Term: Roll-And-Write

Roll-and-write games are games where there are dice and there are ways players can record information. That’s all a roll-and-write needs. It’s dizzying when I realise there’s this kind of design space I literally never considered. Now, I understand this being gamer culture, someone is going to look at me and go get a load of this guy, never played a roll-and-write, thinks he’s qualified to talk about games and to that person I will say, look, that’s very needlessly hurtful and also every day we all discover something new so maybe relax a little and try to enjoy the world we live in in the small ways we can, Chad. I don’t think that person’s named Chad, but the odds aren’t any worse than any other name so let’s go with Chad.

Utility

It’s a format ripe for print-and-play. You don’t need anything but dice, which can be standard dice or random dice or any old garbage you want. You could make it build off a literally random assortment of dice, or you could make it care about your specific D&D dice

It seems it could scale well. One player could roll a handful of die and then a whole table of people could all react to it with their own little territory. This makes it useful for games with simultaneous play, but also means the game could be a solitaire game that can be shared!

It lets players make individual choices! Players don’t just have to write standard game information on their board – it could feature rooms for things like a name for your space-ship or the character’s interests!

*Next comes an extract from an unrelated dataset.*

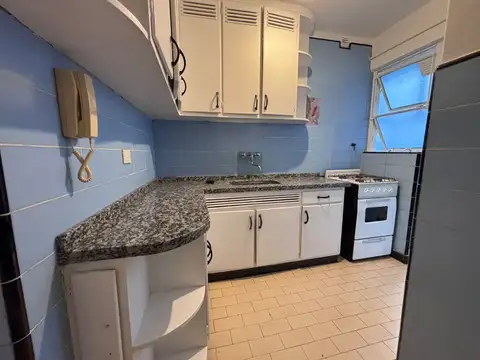 Departamento en Alquiler en Recoleta, $ 900.000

It’s got a lot of space for assets! Cards have to do a ton of work in a small amount of space and because cards are small objects, text and symbols have to be pretty large. But a sheet you’re meant to look at can use a lot of contiguous space to look pretty!

It can have memory! You can have sheets that give information about what to carry over to the next sheet!

I’m pretty interested to explore this space. One thing that struck me researching the genre is how many of these games are theme light and system heavy. I’d like to see if I can do something that works differently, that has a strong, meaningful theme that lets people feel connected to the thing they’re building.

Limitations

In the end, if you’re writing on pads, they want to be disposable or they want to be dry-erase. That’s not an easy cost to overcome. There’s also kinda a sad undercurrent when you print out pads for roll-and-write games – I mean in a lot of cases people play a game 2-3 times and that’s it. If you provide a pad of 80 sheets for a game that’ll only ever use 8, you’re paying extra money for your own optimism.

Examples

Castles of Burgundy, Yahtzee, Pass The Pigs to an extent.